Exactly the lines from the one containing "Amazon Basics vacuum" through the one containing "GA license plate PTC5256" in the listing below are to be copied, with the pictures left out.

### [Data for processing]
□ □ □ □ □

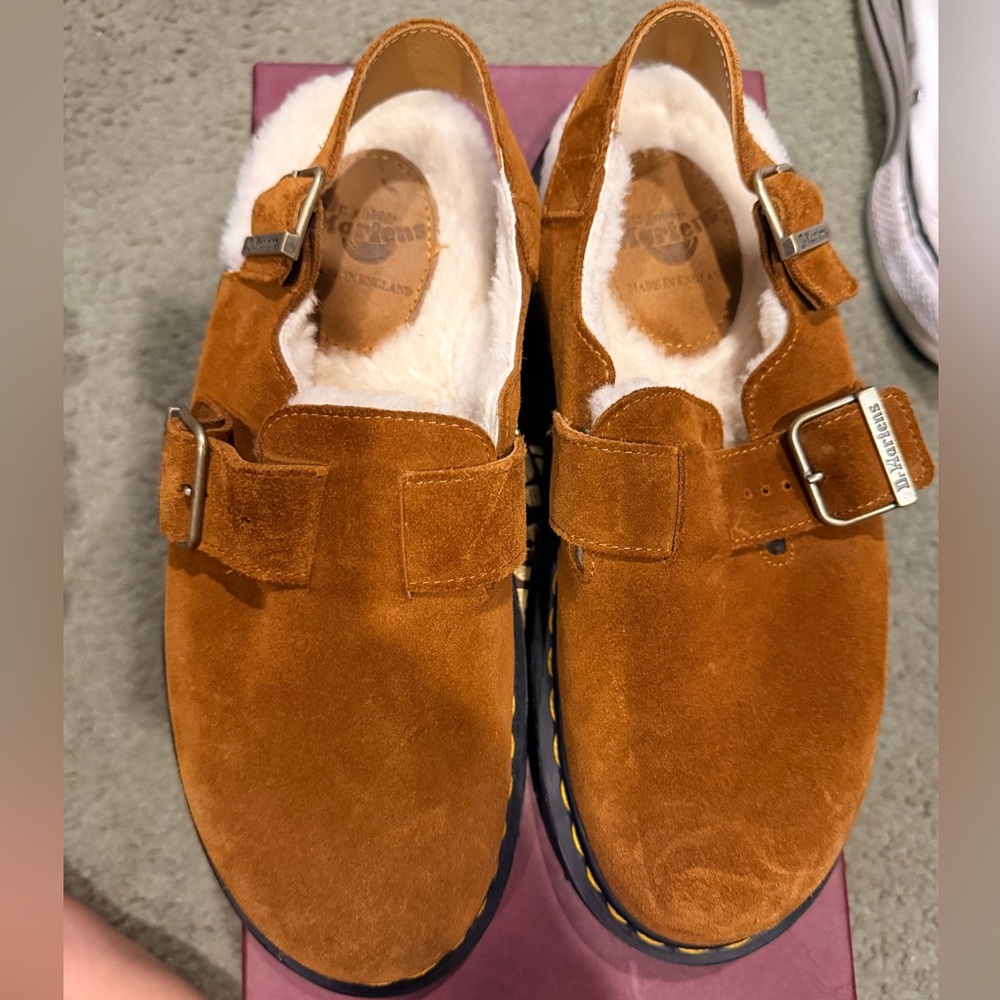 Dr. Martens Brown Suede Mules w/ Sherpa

□ □ □ □ □

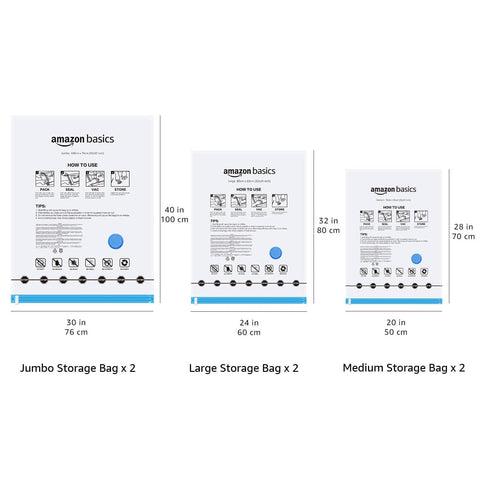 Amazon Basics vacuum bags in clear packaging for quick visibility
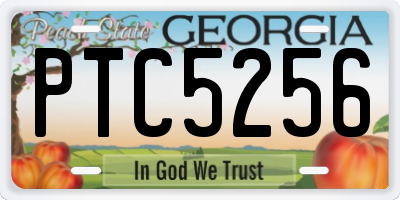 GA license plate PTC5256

□ □ □ □ □

### [Exercise response]
 Amazon Basics vacuum bags in clear packaging for quick visibility
 GA license plate PTC5256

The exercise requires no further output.